The current in an LRC circuit connected to an AC source is maximum when the frequency of the AC source is equal to the resonant frequency of the circuit. The bandwidth of a circuit is inversely proportional to its quality factor.

Formula used:
- The characteristic resonant frequency of a series LCR circuit is given as $f = \dfrac{1}{{2\pi }}\sqrt {\dfrac{1}{{LC}}}$ , where $L$ is the inductance of the inductor and $C$ is the capacitance of the capacitor in the circuit.
- Quality factor $Q = \dfrac{1}{R}\sqrt {\dfrac{L}{C}}$ , where $R$ is the resistance of the resistor in the circuit
- Bandwidth B.W. $= \,\dfrac{f}{Q}$

Complete step by step solution:
We’ve been given:
$R = 600\,\Omega$
$L = 0.4H$
$C = 0.01\mu F$
The resonant frequency of a series RLC circuit is given as
$f = \dfrac{1}{{2\pi }}\sqrt {\dfrac{1}{{LC}}}$
When the AC source has the frequency corresponding to the resonant frequency, the maximum current will flow in the circuit. Hence the frequency of the AC source can be calculated as:
$f = \dfrac{1}{{2\pi }}\sqrt {\dfrac{1}{{0.4 \times 0.01 \times {{10}^{ - 6}}}}} \\\ = 0.159 \times \sqrt {250 \times {{10}^6}} \\\ = 2514.01\,Hz \\\$
The quality factor $Q$ is defined as
$Q = \dfrac{1}{R}\sqrt {\dfrac{L}{C}} \\\ = \dfrac{1}{{600}}\sqrt {\dfrac{{0.4}}{{0.01 \times {{10}^{ - 6}}}}} \\\ = 10.54 \\\$
The bandwidth (B.W.) of the circuit is defined as the ratio of the resonant frequency to the quality factor
${\text{B}}{\text{.W}}{\text{.}} = \,\dfrac{f}{Q} \\\ = \dfrac{{2514.01}}{{10.54}} \\\ = 238.52\,Hz \\\$

Additional Information:
The quality factor of an RLC circuit tells us how sharp the response of the circuit is to an AC power supply.
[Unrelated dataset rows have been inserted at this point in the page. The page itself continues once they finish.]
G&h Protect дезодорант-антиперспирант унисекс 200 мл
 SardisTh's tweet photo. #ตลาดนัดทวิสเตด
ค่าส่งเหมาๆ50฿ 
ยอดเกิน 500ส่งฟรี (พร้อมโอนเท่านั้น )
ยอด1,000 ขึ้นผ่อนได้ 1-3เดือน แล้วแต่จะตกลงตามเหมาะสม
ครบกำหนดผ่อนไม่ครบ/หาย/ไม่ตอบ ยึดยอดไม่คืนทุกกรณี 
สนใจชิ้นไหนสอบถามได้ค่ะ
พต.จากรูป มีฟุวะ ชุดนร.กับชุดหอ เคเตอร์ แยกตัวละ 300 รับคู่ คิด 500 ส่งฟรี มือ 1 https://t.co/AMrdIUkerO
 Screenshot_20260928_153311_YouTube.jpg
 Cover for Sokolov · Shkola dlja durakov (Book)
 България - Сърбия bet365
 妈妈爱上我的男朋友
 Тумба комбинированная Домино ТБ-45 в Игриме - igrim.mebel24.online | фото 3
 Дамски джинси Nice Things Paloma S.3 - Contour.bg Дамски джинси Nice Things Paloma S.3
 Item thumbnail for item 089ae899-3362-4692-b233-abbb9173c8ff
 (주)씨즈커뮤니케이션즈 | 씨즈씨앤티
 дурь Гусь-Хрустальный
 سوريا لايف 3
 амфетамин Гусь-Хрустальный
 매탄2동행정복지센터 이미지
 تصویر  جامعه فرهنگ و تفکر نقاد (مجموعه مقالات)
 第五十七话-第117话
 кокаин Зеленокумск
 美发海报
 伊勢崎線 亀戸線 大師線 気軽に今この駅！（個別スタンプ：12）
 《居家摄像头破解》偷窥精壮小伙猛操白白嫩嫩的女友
It relates the maximum or peak energy stored in the circuit (the reactance) to the energy dissipated (the resistance) during each cycle of the oscillation of the AC power supply.
The bandwidth tells us how selective the circuit is in its ability to reject frequencies as we move away from the resonant frequency where the current flow in the circuit is maximum. The higher the quality factor of a circuit, the smaller will be its bandwidth since the circuit will be very specific in picking out the frequencies close to its natural frequency.

Note:
The quality factor can alternatively be calculated as:
$Q = \dfrac{{{X_L}}}{R}$
where,${X_L} = 2\pi fL$ is also called the inductive impedance.
Hence,
$Q = \dfrac{{2\pi fL}}{R} \\\ = \dfrac{{2 \times \pi \times 2514.01 \times 0.4}}{{600}} \\\ = 10.54 \\\$